If a provision of the Aplus franchise agreement is deemed invalid, what happens to the remaining provisions?
Aplus Franchise · 2024 FDDAnswer from 2024 FDD Document
- 13.3. Severability. The invalidity or unenforceability of any provision of this Agreement shall not affect the validity or enforceability of any other provision of this Agreement.
Source: Item 22 — CONTRACTS (FDD page 68)
What This Means (2024 FDD)
According to Aplus's 2024 Franchise Disclosure Document, the invalidity or unenforceability of any provision within the franchise agreement does not impact the validity or enforceability of the remaining provisions. This is a standard severability clause, common in franchise agreements, designed to protect the overall contract if a single part is found to be legally flawed.
For a prospective Aplus franchisee, this clause offers some assurance that the entire agreement will not be voided due to a problem with one particular section.

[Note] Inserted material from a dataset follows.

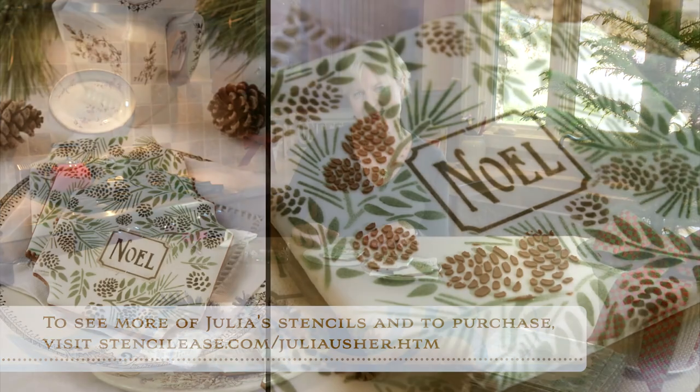I hope you enjoyed my Noelle set as much as I love it. But the stenciling doesn't end with this set - I've got a host of other Christmas and New Year stencils just waiting for you on stencilese.com, so I encourage you to jump on over there and check out my new product line. Till next video, live sweetly and have a wonderful holiday season. I'll see you next time. Bye.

It allows the franchise relationship to continue under the remaining, valid terms. However, it's important to understand which provisions are considered essential by Aplus. If a key clause related to fees, territory, or brand standards were struck down, it could significantly alter the nature of the franchise.
While the severability clause aims to maintain the agreement, franchisees should still carefully consider the implications if a specific provision is deemed invalid. It is recommended that prospective franchisees seek legal counsel to fully understand the potential impact of this clause and to assess which provisions of the Aplus franchise agreement are most critical to their business operation.